## WHAT THIS TASK INVOLVES
Line by line, set down the records below from the first line through the line containing "R1 87-91 Toyota". Omit the pictures.

====

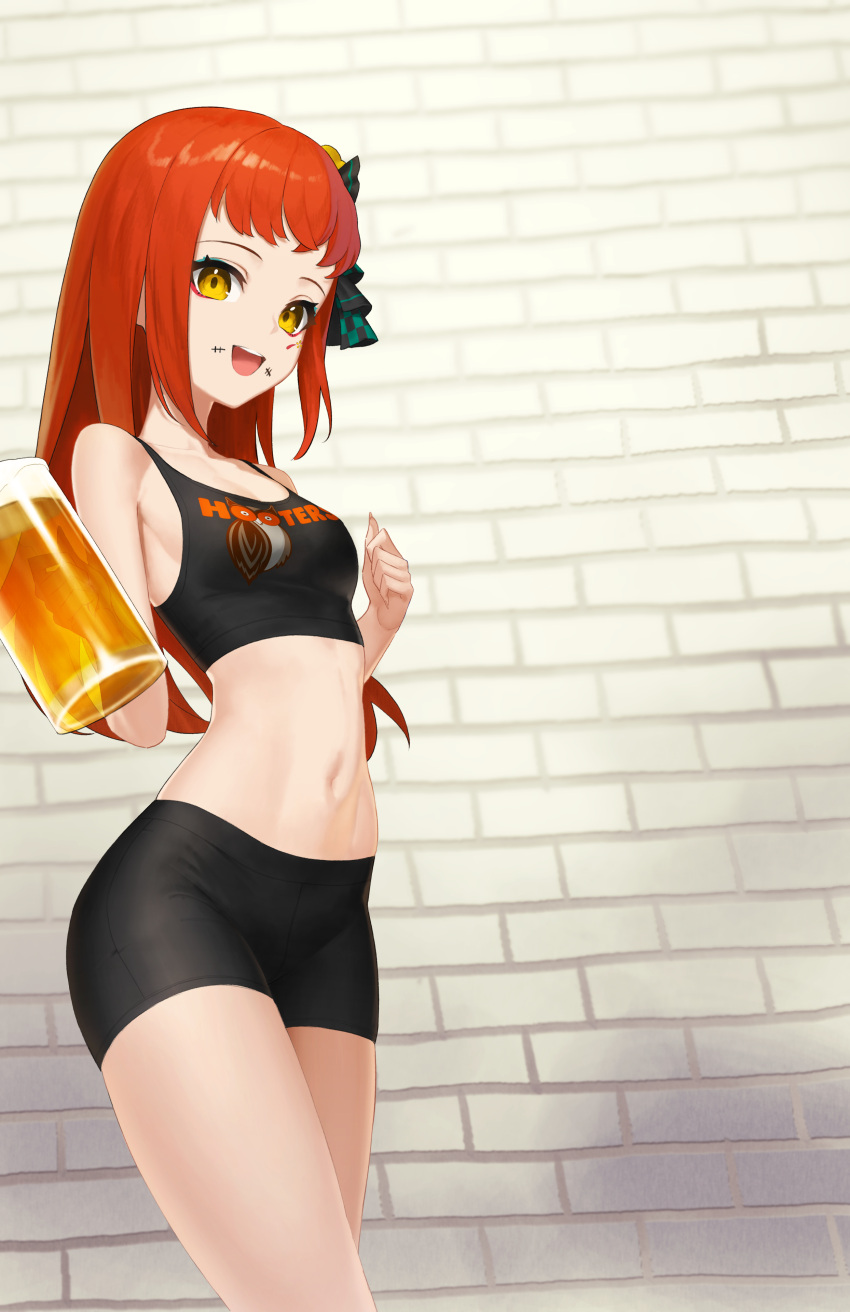 1girls absurdres alternate_costume aqua_eyeshadow bare_shoulders beer_mug black_shorts black_tank_top breasts brick_wall commission crop_top cup dhokidoki eyeliner eyeshadow facial_mark female female_only fire_emblem fire_emblem_engage highres holding holding_cup hooters long_hair makeup mug navel nintendo non-web_source open_mouth orange_hair panette_(fire_emblem) red_eyeliner short_bangs shorts sidelocks small_breasts smile solo stitched_mouth stitches tank_top teeth upper_teeth_only waitress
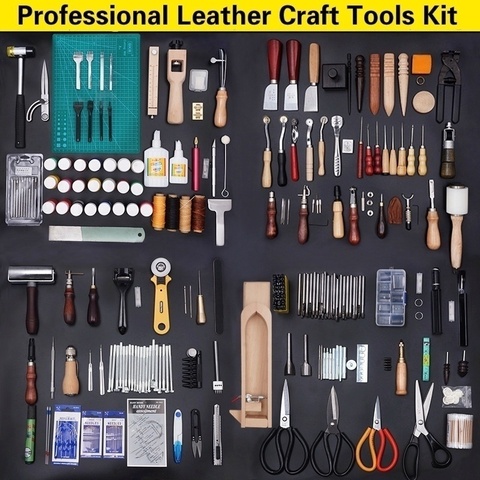59Pcs Leather Craft Tools Kit Hand Sewing Stitching Punch Carving Work Saddle Leather Craft Accessories DIY Leather Home Tools ► Photo 1/6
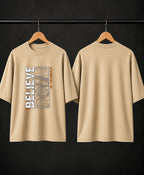 Men’s Brown “Believe in Yourself” Graphic Oversized T-Shirt – Premium Streetwear Tee
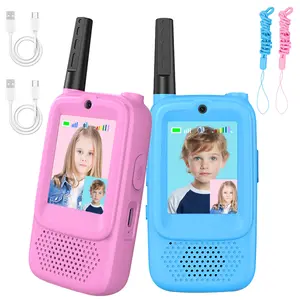 Kids Video Walkie Talkies 2 Pcs, Long Range Visual Walkie Talkies for Ages 3-9, One-On-One Pairing, Family Games, Outdoor Toys, & Blue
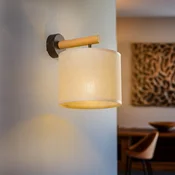 TK Lighting Stenna svetilka Deva Nature, tekstil, les - Dnevna soba/jedilnica - Skandinavski - bež, svetlo les, črno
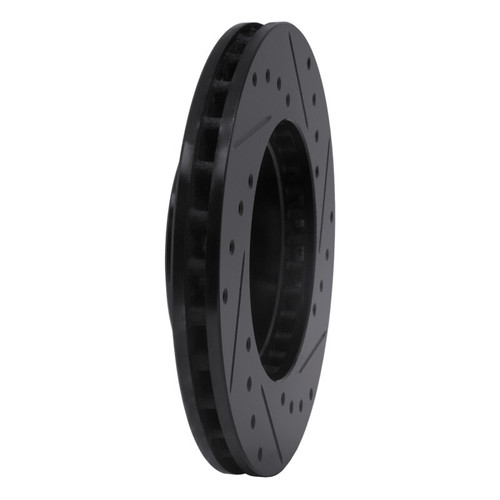 R1 87-91 Toyota Camry Front Left Drilled & Slotted Black Brake Rotor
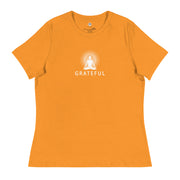 "GRATEFUL" Positive Thought Brand Women's Relaxed T-Shirt (White Graphic)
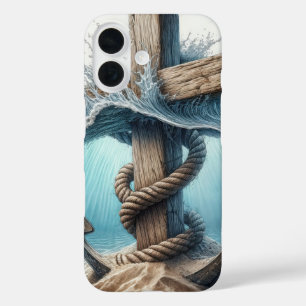 Kreuz- und Nautikanker im Wasser iPhone 16 Hülle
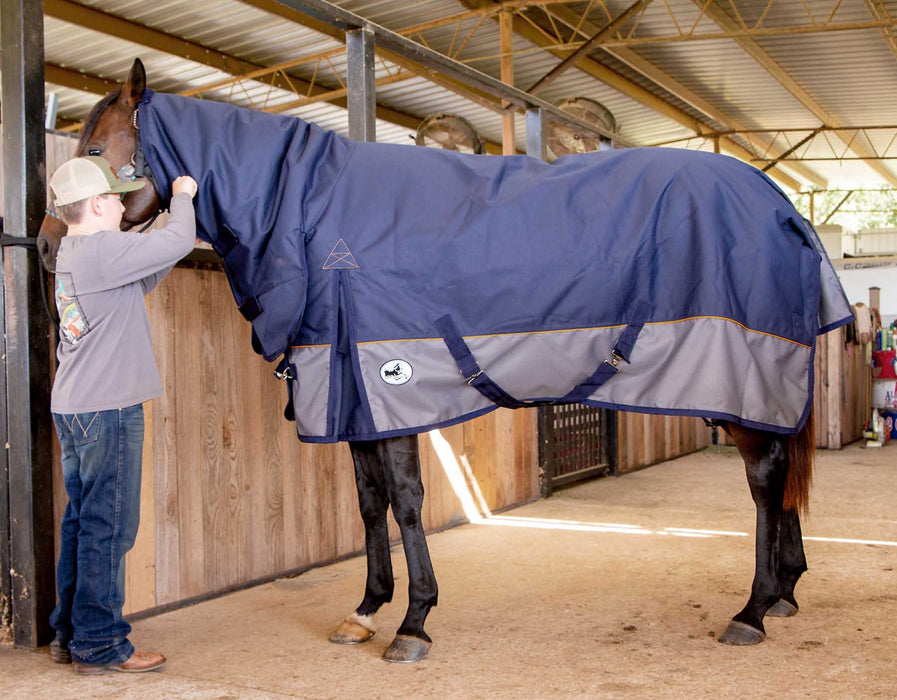 Jeffers Economy Plus Combo Neck Medium Weight Horse Turnout Blanket - 81 in  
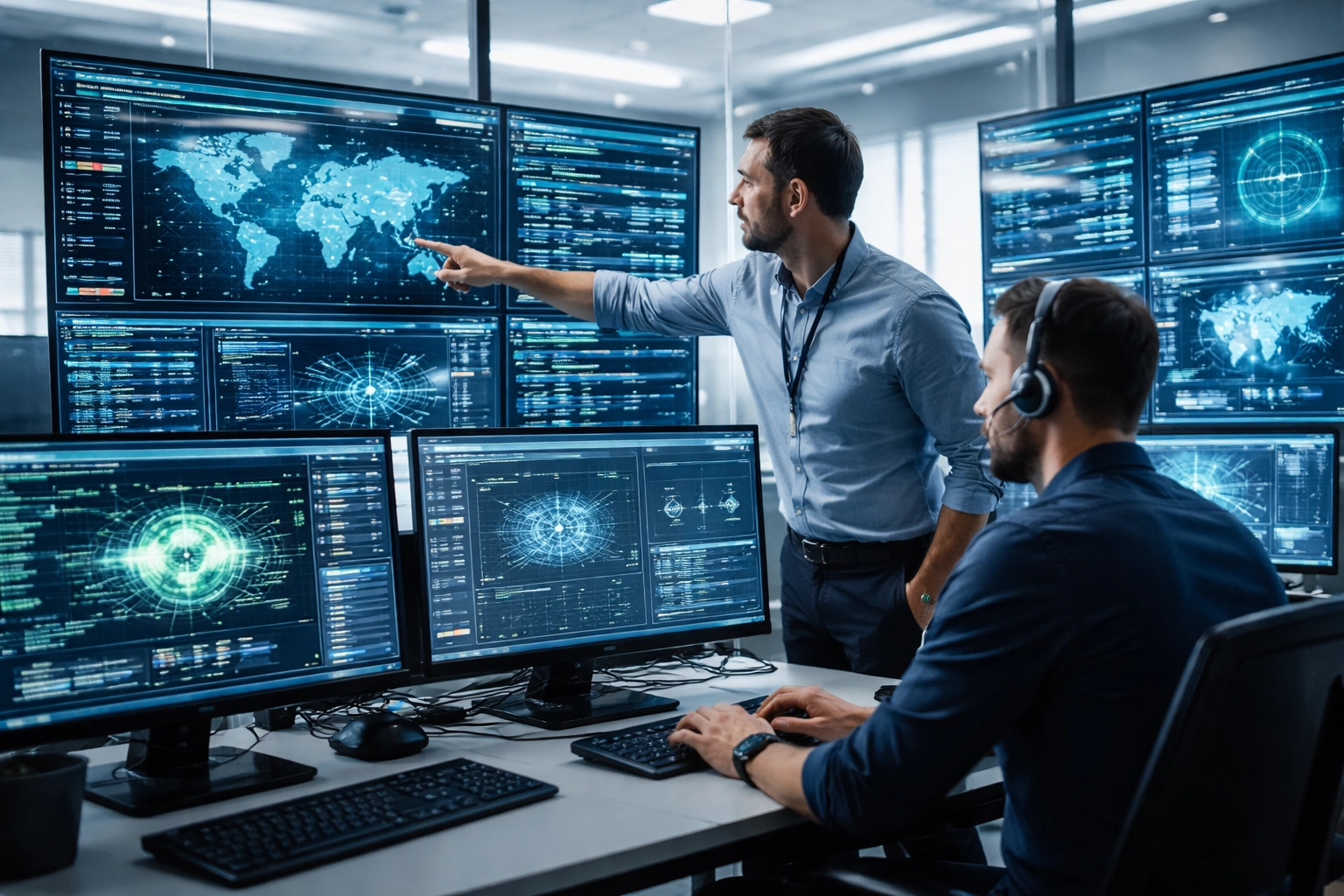 Cybersecurity professionals monitor dashboards, demonstrating ServiceNow AI Agents in advanced operations management.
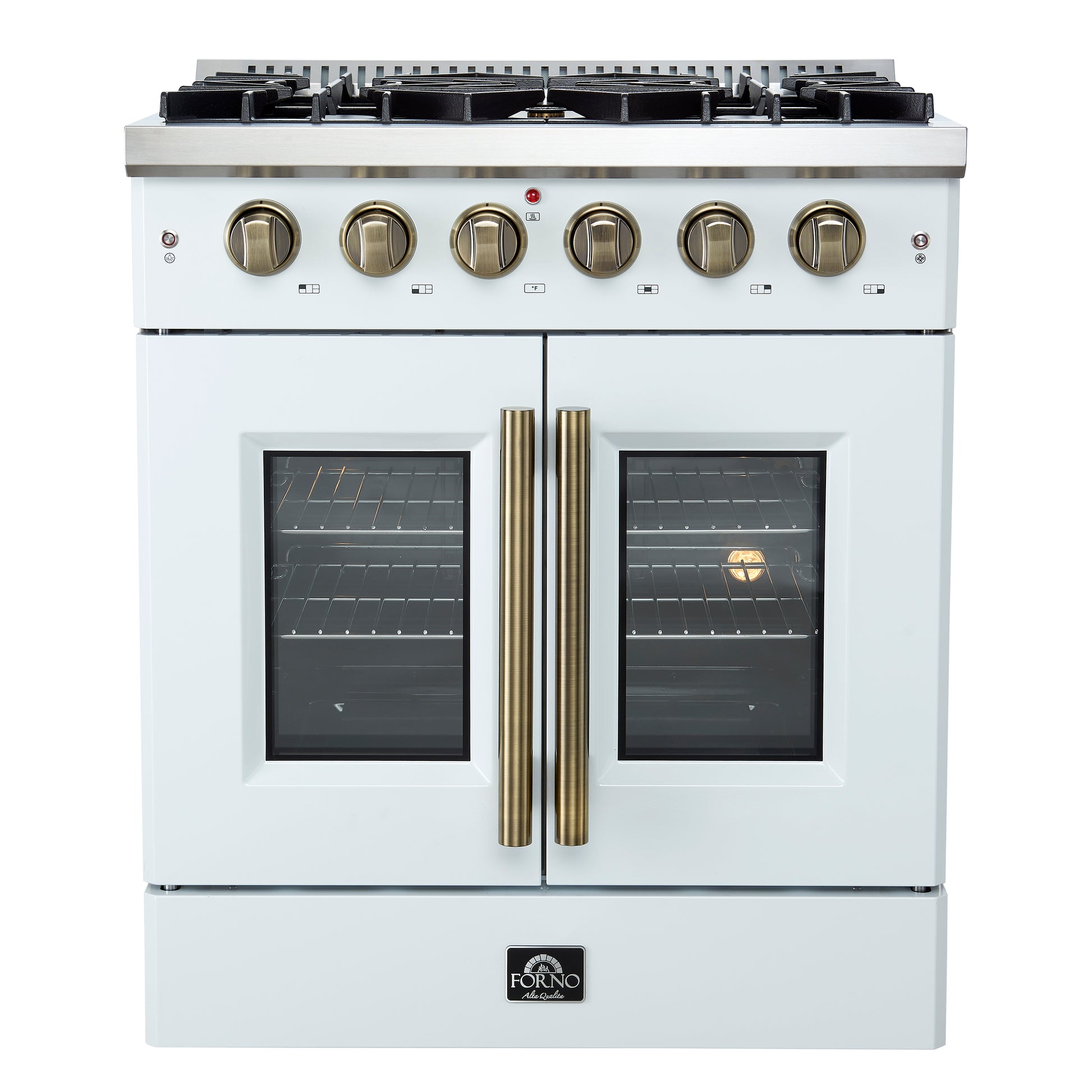 Forno Galiano 30-inch French Door Gas Range
White with Antique Brass Design, 5 Burners,
68,000 BTU, 4.32 cu.ft. Convection Oven - Forno Appliances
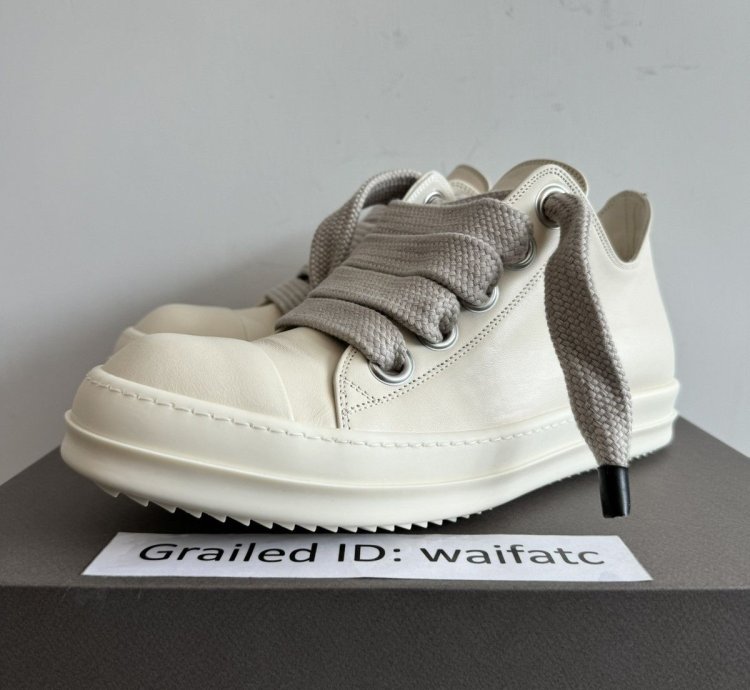 RICK OWENS LIDO MILK JUMBO LACES RAMONES LOW SNEAKERS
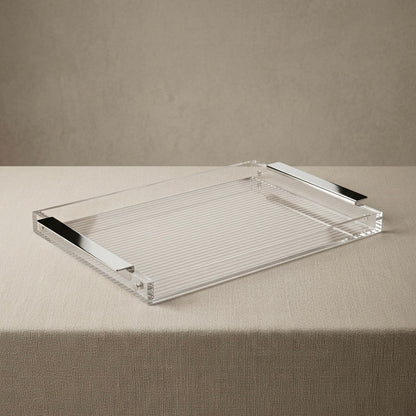 Silver & Clear Acrylic Serving Tray – (L) - Mawaeen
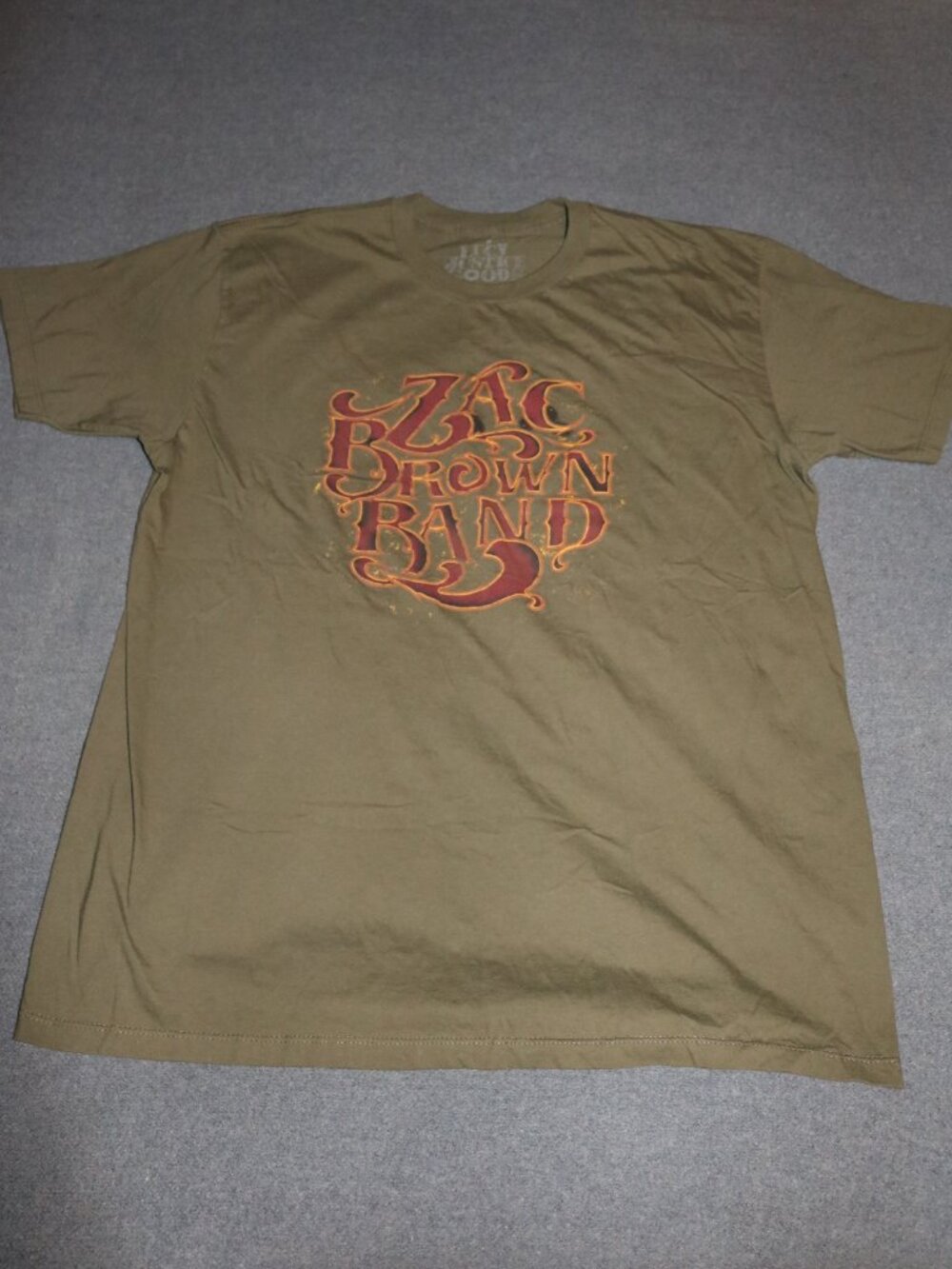 Zac Brown Band T-shirt Mens Large Green 2012 Concert Tour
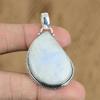 Natural Rainbow Moonstone Gemstone Pendant White 925 Sterling Silver Jewelry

====

## RESULT BELOW
 1girls absurdres alternate_costume aqua_eyeshadow bare_shoulders beer_mug black_shorts black_tank_top breasts brick_wall commission crop_top cup dhokidoki eyeliner eyeshadow facial_mark female female_only fire_emblem fire_emblem_engage highres holding holding_cup hooters long_hair makeup mug navel nintendo non-web_source open_mouth orange_hair panette_(fire_emblem) red_eyeliner short_bangs shorts sidelocks small_breasts smile solo stitched_mouth stitches tank_top teeth upper_teeth_only waitress
59Pcs Leather Craft Tools Kit Hand Sewing Stitching Punch Carving Work Saddle Leather Craft Accessories DIY Leather Home Tools ► Photo 1/6
 Men’s Brown “Believe in Yourself” Graphic Oversized T-Shirt – Premium Streetwear Tee
 Kids Video Walkie Talkies 2 Pcs, Long Range Visual Walkie Talkies for Ages 3-9, One-On-One Pairing, Family Games, Outdoor Toys, & Blue
 TK Lighting Stenna svetilka Deva Nature, tekstil, les - Dnevna soba/jedilnica - Skandinavski - bež, svetlo les, črno
 R1 87-91 Toyota Camry Front Left Drilled & Slotted Black Brake Rotor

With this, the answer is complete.